If you suddenly stop, your heart slows down, your blood is pooled in your legs and feet, and you can feel dizzy, even pass out. When I used to ride a lot, that is everyday, at the end of 26-35 miles I didn't cool down, then I would spend a few hours in agony going through panic attacks, room spinning and fainting spells...It wasn't until I got in a spinning class with a trained physiologist that I learned to cool down and stretch. When I began swimming intervals, the same things happened, panic attacks-dizzy spells...so now I do cool downs and it works. I haven't experienced anything like those panic attacks and room spinning spells since.

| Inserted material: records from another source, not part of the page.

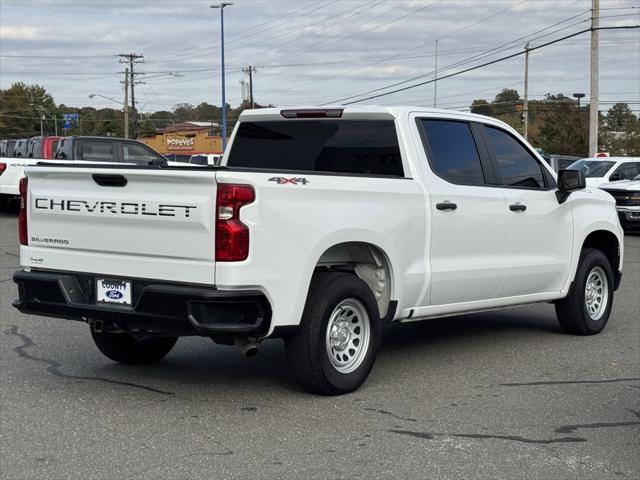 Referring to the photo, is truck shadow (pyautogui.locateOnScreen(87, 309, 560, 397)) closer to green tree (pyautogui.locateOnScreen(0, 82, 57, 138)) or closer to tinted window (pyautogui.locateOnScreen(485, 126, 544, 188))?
tinted window (pyautogui.locateOnScreen(485, 126, 544, 188))

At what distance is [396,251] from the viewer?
23.0 feet

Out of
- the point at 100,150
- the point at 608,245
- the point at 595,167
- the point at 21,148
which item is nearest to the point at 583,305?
the point at 608,245

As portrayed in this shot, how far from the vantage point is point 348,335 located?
6809 millimetres

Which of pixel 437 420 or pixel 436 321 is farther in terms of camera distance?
pixel 436 321

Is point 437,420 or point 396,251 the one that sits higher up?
point 396,251

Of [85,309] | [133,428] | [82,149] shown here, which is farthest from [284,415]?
[82,149]

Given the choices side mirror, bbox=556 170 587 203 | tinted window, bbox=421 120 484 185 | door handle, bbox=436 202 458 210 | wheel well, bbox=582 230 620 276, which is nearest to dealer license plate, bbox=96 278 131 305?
door handle, bbox=436 202 458 210

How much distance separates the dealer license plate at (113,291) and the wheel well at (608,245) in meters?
5.06

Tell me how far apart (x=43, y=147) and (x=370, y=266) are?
1689cm

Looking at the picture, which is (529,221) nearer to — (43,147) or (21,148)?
(43,147)

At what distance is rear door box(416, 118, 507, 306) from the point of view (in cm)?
741

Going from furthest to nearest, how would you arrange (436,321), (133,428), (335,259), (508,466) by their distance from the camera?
(436,321) < (335,259) < (133,428) < (508,466)

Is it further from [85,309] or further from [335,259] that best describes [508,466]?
[85,309]

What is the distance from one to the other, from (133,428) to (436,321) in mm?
4777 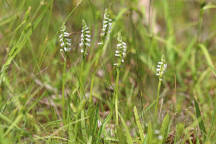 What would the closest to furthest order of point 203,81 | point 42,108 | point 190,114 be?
point 190,114 < point 42,108 < point 203,81

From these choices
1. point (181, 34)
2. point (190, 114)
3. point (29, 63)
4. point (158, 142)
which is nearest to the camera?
point (158, 142)

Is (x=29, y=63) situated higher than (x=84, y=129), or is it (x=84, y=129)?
(x=29, y=63)

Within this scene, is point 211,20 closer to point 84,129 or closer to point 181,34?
point 181,34

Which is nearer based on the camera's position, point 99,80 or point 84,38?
point 84,38

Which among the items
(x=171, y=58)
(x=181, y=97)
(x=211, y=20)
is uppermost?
(x=211, y=20)

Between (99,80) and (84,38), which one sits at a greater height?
(84,38)

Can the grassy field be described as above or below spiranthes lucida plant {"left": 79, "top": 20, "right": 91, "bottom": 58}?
below

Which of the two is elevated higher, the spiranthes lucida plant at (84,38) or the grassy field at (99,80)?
the spiranthes lucida plant at (84,38)

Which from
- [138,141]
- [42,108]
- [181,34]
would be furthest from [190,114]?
[181,34] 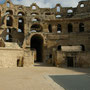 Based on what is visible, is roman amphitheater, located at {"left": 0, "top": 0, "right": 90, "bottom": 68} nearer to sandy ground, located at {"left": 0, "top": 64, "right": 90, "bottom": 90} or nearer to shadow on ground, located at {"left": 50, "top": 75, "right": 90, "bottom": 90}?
sandy ground, located at {"left": 0, "top": 64, "right": 90, "bottom": 90}

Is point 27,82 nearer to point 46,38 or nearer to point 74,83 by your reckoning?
point 74,83

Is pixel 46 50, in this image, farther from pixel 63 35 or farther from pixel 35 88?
pixel 35 88

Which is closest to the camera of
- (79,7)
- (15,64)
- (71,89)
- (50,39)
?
(71,89)

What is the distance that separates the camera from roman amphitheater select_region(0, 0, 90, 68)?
20062 mm

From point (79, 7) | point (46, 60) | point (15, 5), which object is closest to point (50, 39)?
point (46, 60)

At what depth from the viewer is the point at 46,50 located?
94.7ft

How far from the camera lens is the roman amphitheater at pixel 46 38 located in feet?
65.8

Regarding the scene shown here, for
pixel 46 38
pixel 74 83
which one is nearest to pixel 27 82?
pixel 74 83

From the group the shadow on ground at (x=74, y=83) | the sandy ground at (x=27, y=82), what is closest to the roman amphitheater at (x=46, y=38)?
the sandy ground at (x=27, y=82)

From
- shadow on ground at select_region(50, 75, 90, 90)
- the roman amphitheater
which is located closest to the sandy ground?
shadow on ground at select_region(50, 75, 90, 90)

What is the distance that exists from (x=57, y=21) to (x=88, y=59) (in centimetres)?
1525

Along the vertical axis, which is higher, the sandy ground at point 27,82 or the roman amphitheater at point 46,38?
the roman amphitheater at point 46,38

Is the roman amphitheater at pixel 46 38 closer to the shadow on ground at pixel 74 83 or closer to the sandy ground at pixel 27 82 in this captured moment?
the sandy ground at pixel 27 82

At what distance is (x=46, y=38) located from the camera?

Perhaps its the conditioning, however when I used to ride I was "conditioned" for the sport. So I think it goes beyond myth, but then some people are physical gifted, where they simply never need a cooldown.
Active recovery (swimming warm-down) is helpful for lactate removal. During passive recovery (i.e. sitting on the bench) lactate removal is very slow
The warm-down protocols can also be used for workouts after hard swimming sets. A warm-down will help to recover faster before the next workout
"Very slow" is quite vague. And there is a difference between "recovery" and soreness.
Look at slide #11, which basically shows the effect of active recovery (and note that can include things like active stretching). With warming down, you recover within an hour; without it, LA levels are still slightly elevated even 2 hours later.
But I contend that TWENTY-FOUR hours later, there will be absolutely no difference. In terms of LA levels, you are "recovered" either way.
Now perhaps longer conditions of acidosis can have deleterious effects on muscles; I don't know. But I don't think it causes "soreness."
But this isn't what the authors are talking about: they are concerned with recovering between races. (And I absolutely agree with long & good warmdowns in that situation.)
I would think that, like anything else, the amount of cool down that one needs is individualized. Too bad I can't remember much from my undergrad exercise physiology class to give an educated answer.